Start of Task input

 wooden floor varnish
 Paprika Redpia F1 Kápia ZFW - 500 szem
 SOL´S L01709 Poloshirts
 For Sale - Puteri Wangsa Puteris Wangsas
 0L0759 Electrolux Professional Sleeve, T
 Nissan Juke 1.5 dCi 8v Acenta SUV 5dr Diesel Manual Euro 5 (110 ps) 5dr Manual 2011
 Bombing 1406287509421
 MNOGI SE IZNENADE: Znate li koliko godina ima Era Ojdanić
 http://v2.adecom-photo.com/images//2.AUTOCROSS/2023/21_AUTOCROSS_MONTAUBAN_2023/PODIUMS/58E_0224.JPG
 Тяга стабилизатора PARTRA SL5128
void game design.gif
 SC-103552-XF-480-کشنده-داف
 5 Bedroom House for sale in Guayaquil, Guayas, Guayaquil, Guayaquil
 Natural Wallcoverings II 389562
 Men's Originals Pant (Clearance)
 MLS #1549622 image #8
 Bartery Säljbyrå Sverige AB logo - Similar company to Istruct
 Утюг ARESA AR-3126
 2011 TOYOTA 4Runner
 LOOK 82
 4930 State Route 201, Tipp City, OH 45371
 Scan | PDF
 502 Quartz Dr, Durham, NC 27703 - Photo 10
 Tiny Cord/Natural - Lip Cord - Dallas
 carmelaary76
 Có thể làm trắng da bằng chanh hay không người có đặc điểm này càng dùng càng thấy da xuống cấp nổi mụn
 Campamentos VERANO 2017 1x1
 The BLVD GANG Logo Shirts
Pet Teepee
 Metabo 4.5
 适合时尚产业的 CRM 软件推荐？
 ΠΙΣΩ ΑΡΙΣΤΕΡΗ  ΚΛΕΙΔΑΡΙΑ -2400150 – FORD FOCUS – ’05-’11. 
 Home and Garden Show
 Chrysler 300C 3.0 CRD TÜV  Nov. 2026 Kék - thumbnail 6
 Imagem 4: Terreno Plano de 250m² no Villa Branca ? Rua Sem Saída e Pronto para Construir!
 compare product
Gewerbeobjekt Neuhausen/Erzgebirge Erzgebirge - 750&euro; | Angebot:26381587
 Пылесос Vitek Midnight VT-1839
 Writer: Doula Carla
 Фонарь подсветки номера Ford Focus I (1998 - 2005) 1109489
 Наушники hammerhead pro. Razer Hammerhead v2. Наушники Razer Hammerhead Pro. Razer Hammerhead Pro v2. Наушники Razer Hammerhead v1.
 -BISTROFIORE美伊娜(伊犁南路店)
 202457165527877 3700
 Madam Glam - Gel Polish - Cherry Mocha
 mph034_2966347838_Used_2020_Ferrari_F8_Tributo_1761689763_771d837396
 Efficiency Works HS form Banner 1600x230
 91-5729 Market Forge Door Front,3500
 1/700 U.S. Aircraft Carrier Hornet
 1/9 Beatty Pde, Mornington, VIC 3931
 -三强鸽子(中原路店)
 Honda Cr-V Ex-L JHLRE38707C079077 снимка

End of Task input

Task to complete | Copy the records above exactly, starting at the line that contains "502 Quartz Dr, Durham, NC 27703 - Photo 10" and ending at the last line, and leave out all earlier lines.

Answer space |
 502 Quartz Dr, Durham, NC 27703 - Photo 10
 Tiny Cord/Natural - Lip Cord - Dallas
 carmelaary76
 Có thể làm trắng da bằng chanh hay không người có đặc điểm này càng dùng càng thấy da xuống cấp nổi mụn
 Campamentos VERANO 2017 1x1
 The BLVD GANG Logo Shirts
Pet Teepee
 Metabo 4.5
 适合时尚产业的 CRM 软件推荐？
 ΠΙΣΩ ΑΡΙΣΤΕΡΗ  ΚΛΕΙΔΑΡΙΑ -2400150 – FORD FOCUS – ’05-’11. 
 Home and Garden Show
 Chrysler 300C 3.0 CRD TÜV  Nov. 2026 Kék - thumbnail 6
 Imagem 4: Terreno Plano de 250m² no Villa Branca ? Rua Sem Saída e Pronto para Construir!
 compare product
Gewerbeobjekt Neuhausen/Erzgebirge Erzgebirge - 750&euro; | Angebot:26381587
 Пылесос Vitek Midnight VT-1839
 Writer: Doula Carla
 Фонарь подсветки номера Ford Focus I (1998 - 2005) 1109489
 Наушники hammerhead pro. Razer Hammerhead v2. Наушники Razer Hammerhead Pro. Razer Hammerhead Pro v2. Наушники Razer Hammerhead v1.
 -BISTROFIORE美伊娜(伊犁南路店)
 202457165527877 3700
 Madam Glam - Gel Polish - Cherry Mocha
 mph034_2966347838_Used_2020_Ferrari_F8_Tributo_1761689763_771d837396
 Efficiency Works HS form Banner 1600x230
 91-5729 Market Forge Door Front,3500
 1/700 U.S. Aircraft Carrier Hornet
 1/9 Beatty Pde, Mornington, VIC 3931
 -三强鸽子(中原路店)
 Honda Cr-V Ex-L JHLRE38707C079077 снимка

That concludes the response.